Later issues of concern for the Aloha ʻĀina movement include the contested creation of a genetically modified taro variety.

== Aloha ʻĀina in education ==
Today, Hawaiian culture-based education implements traditional Hawaiian knowledge of ʻāina as a vital element to reconnect educators and students back to the ʻāina. The Native Hawaiian educational movement seeks to reestablish and reclaim Native Hawaiian cultural knowledge, land, and more positive educational experiences. This is essential in stripping away the colonial educational systems that have repressed Native Hawaiian identity, knowledge, and culture. Place-based learning in charter schools have influenced Native Hawaiian learners experiences and success in school. Hawaiian schools have addressed educational inequalities, improved students' social emotional health, test scores, community and family engagement, and the underrepresentation of Native teachers and school leaders better than public schools.

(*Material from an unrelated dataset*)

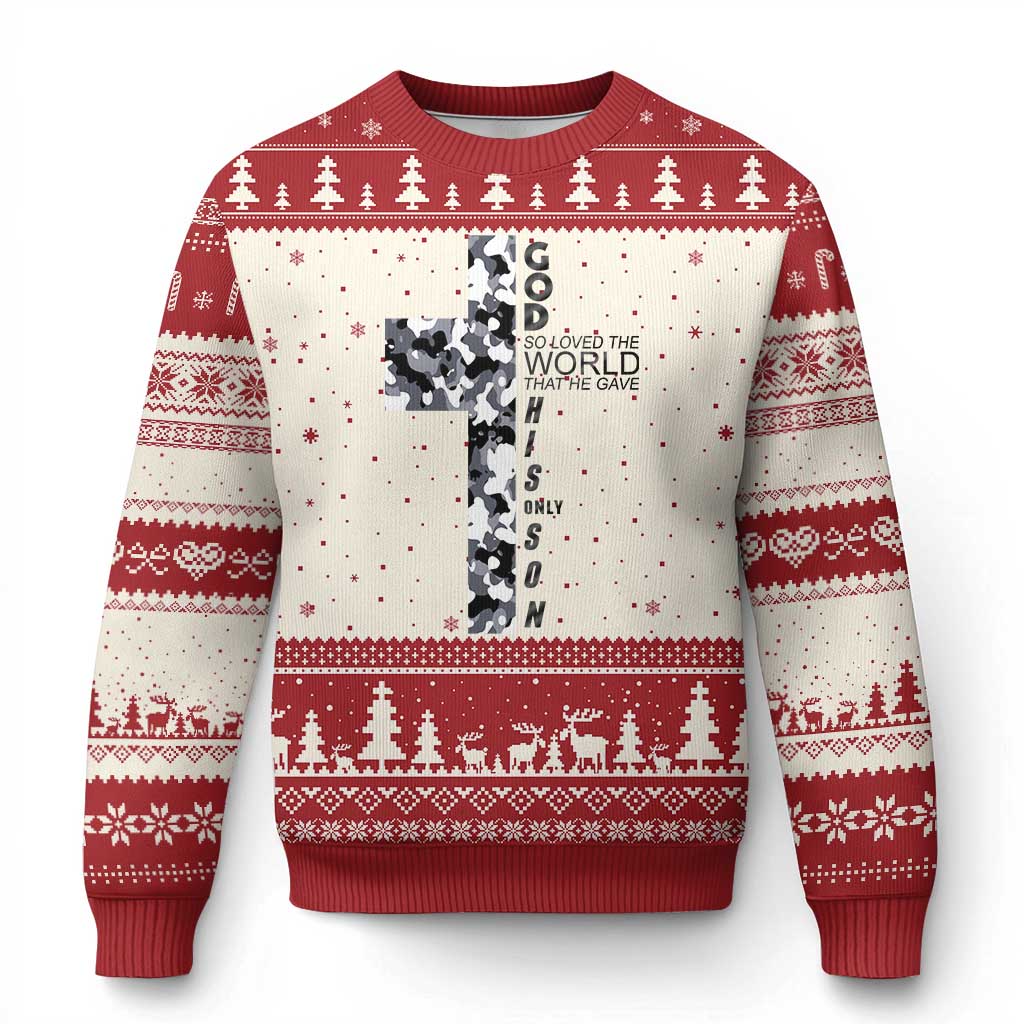 Son Of God Jesus Ugly Christmas Sweater Camo Christ Cross Christian 9 John 3 16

Hawaiian culture-based schools have been working towards restoring the holistic health of Hawaiian communities and nationhood. Hālau Kū Māna is an accredited Hawaiian culture-based public charter school founded in 1999. As one of the foundations of the Hawaiian resistance, aloha ʻāina has been one of the ethical practices that educators in Hālau Kū Māna have sought to base their curriculum and educational programs. Aloha ʻāina reestablishes acceptance and implementation of traditional values and connects people back to the ʻāīna. Aloha ʻāina also expresses the commitment to the protection and maintenance of the wellbeing of the natural world and political autonomy. Sovereign pedagogies recognizes the importance of sovereignty on a personal and collective level for the wellbeing and learning of indigenous people. Pedagogies of aloha ʻāina implemented by educators in Hālau Kū Māna, have allowed students to cultivate meaningful relationships with the places they are visiting and working on, while at the same time examining and studying the natural world. ʻĀina-based pedagogies have also taught students to acknowledge and actively communicate with the ʻāina that is living, through chants, gifts, and work. As part of the holistic practice of aloha ʻāina in Hālau Kū Māna, educators engage students with contemporary Hawaiian politics, to allow them to confront controversial social issues.  Social movements in Hawaii can assure people who are marginalized and oppressed can secure authority over their educational futures. Aloha ʻāina has been a practice of Kanaka Maoli survivance that helped to develop the Hawaiian sovereignty movement. It is also part of the Hawaiian consciousness that is a symbol of cultural identity that helps to unite Hawaiians. The teaching, learning, and mastery of reading, writing, and printing for Hawaiians has enabled them to capture and preserve older knowledge forms that would have been lost. This has also helped to create new ways to express aloha ʻāina in new frameworks and rebuild the nation.